▸ Saved data entries
------------------------

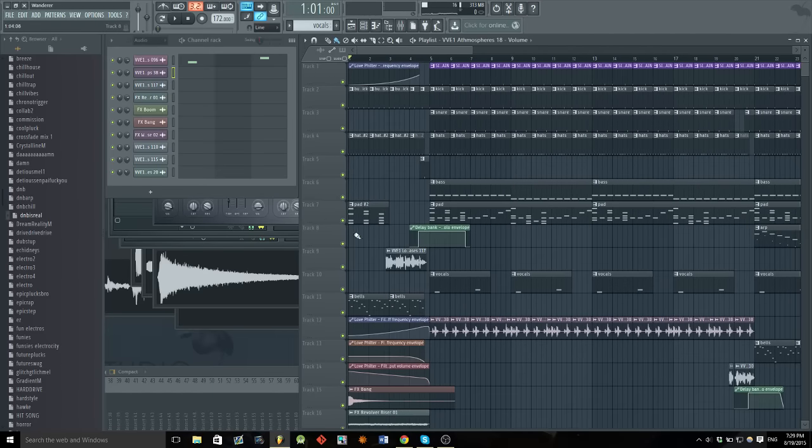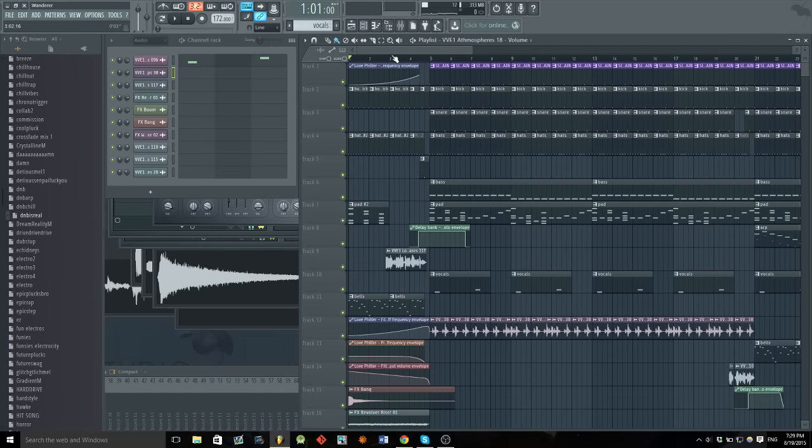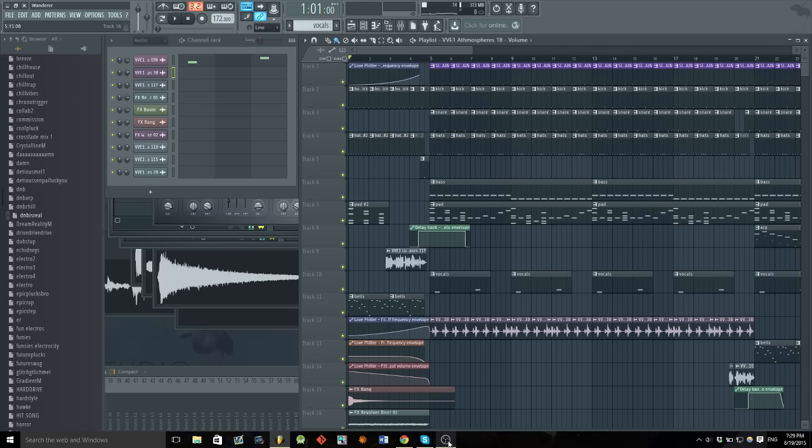So yeah, there it is. It's also one of my first times working with vocals like this, so I hope you guys enjoy that. Yeah, and just thanks for watching, have a good one.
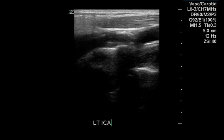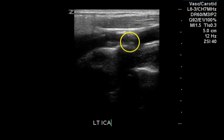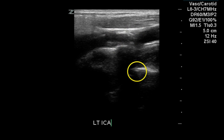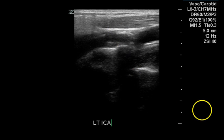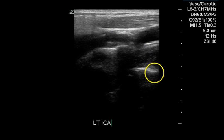This is an image of the left internal carotid artery. We see some echogenic plaque as well as some hypoechoic plaque. There is a small amount of acoustic shadowing, indicating some calcification most likely in this portion of the plaque.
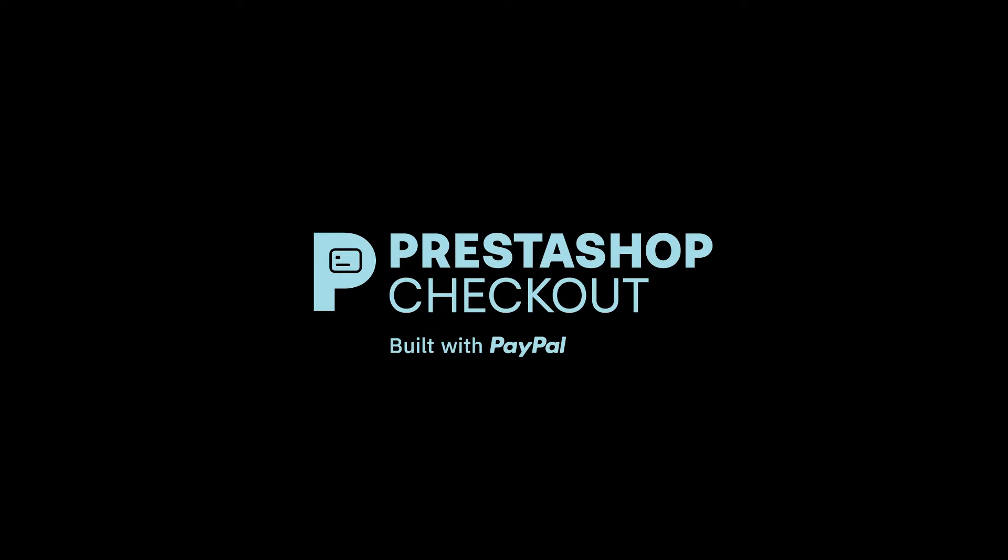PrestaShop Checkout built with PayPal. Are you ready to say goodbye to confusing checkouts on your commerce?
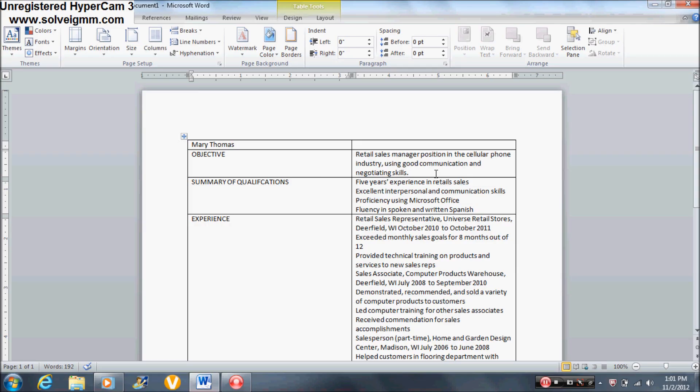Hello YouTube. This is Just Call Me Solo. I'm here to show how to make a resume with a table.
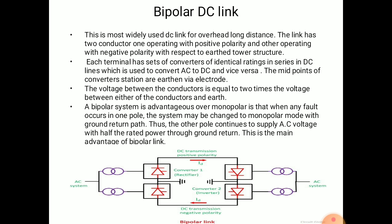The second is the Bipolar DC Link. This is the most widely used DC link for overhead long-distance transmission. The link has two conductors — one operating with positive polarity and the other with negative polarity with respect to earth. Each terminal has sets of converters of identical rating connected in series, which are used to convert AC to DC and vice versa. The midpoints of converter stations are earthed via electrode.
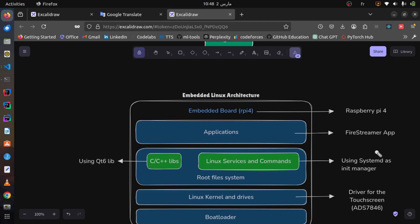We have the FireStreamer application. The application I am building is called FireStreamer. It is a media player that allows users to play and stream videos from the internet in a private environment. FireStreamer also integrates other media services like YouTube, Netflix, and Spotify for music playing.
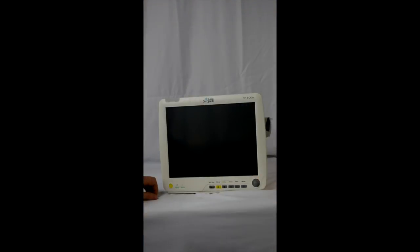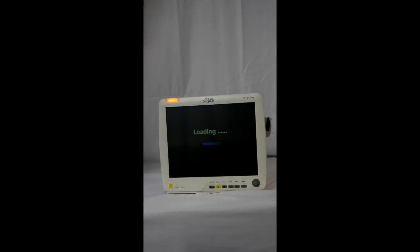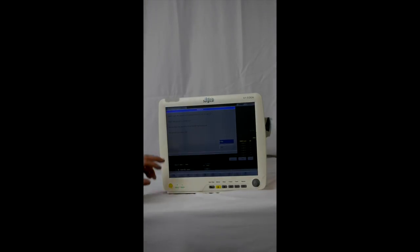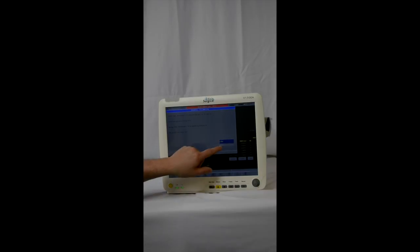To start out, you want to turn the machine on by pressing and holding the yellow power button in the left corner. After it loads, you can just hit the no button.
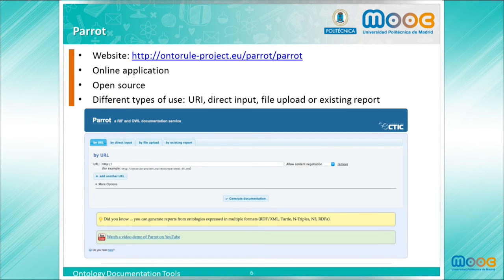Another online system for generating HTML documentation of an ontology is Parrot. This system allows different ways of entering the ontology, for example by URL, by direct input, uploading a file, or from a system report. It is also used online.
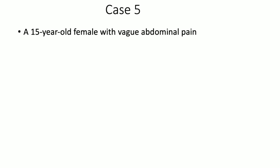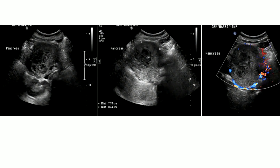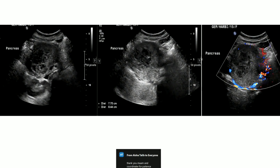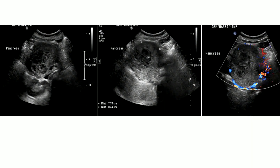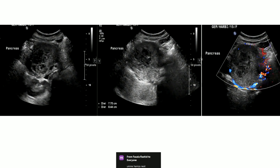A 15-year-old female with vague abdominal pain. I'm provided with three images — two grayscale and one Doppler image in the region of the epigastrium. I can appreciate a well-defined hypoechoic area in the region of the pancreas showing internal anechoic small cystic areas measuring approximately 7.7 to 8.4 centimeters. There is peri-lesional increased vascularity on Doppler without vascularity within the lesion. No significant surrounding fluid, and no calcifications are appreciated.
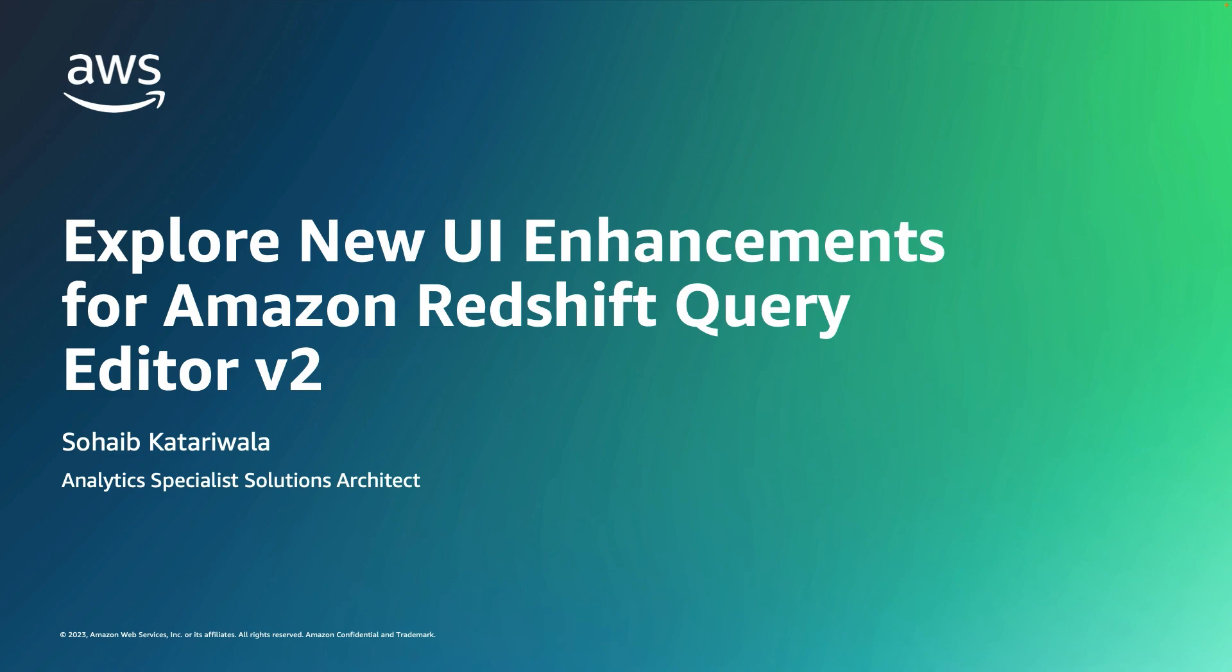Hi, my name is Soheib Qatariwala, and I am an Analytics Specialist Solutions Architect with AWS. Today, I'll be walking you through some of the new user experience improvements on the Amazon Redshift Query Editor V2.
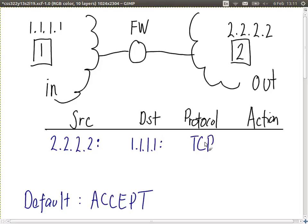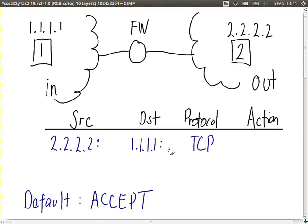What protocol do we use? TCP is the transport protocol because we're stopping access to the web server. HTTP is used for web browsing, but we're looking at the transport protocol. HTTP uses TCP, so the protocol must be TCP. The destination port should be that of the web server, which is port 80.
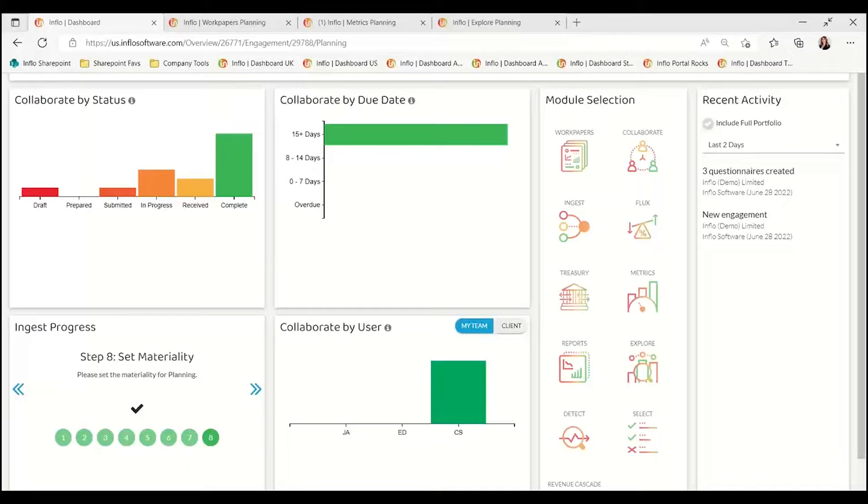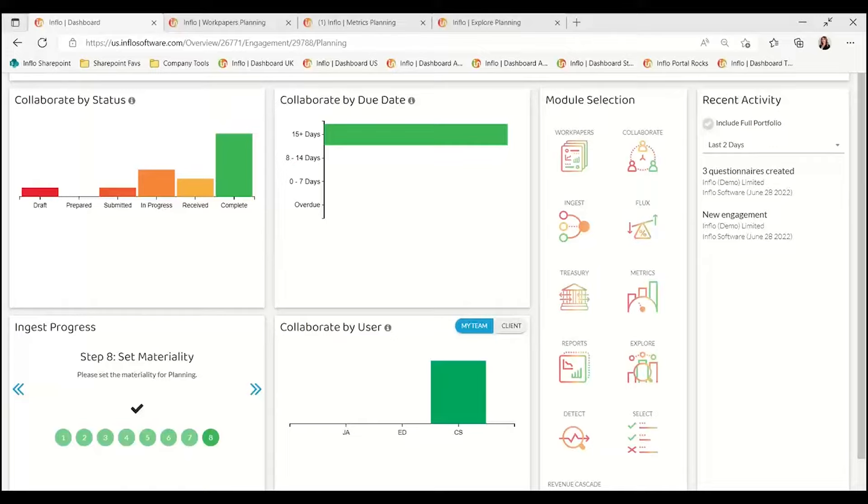Starting at the main Inflow dashboard, we can see that Inflow provides digital collaboration, data analytics, work papers, as well as quality management in a cloud-based platform.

------------------------

▸ What the exercise asks
Output the lines of the data exactly, starting at the first and ending with the line that has "This is an image". Pictures are not part of it.

▸ Answer to this problem
So yeah, there it is. It's also one of my first times working with vocals like this, so I hope you guys enjoy that. Yeah, and just thanks for watching, have a good one.
This is an image of the left internal carotid artery. We see some echogenic plaque as well as some hypoechoic plaque. There is a small amount of acoustic shadowing, indicating some calcification most likely in this portion of the plaque.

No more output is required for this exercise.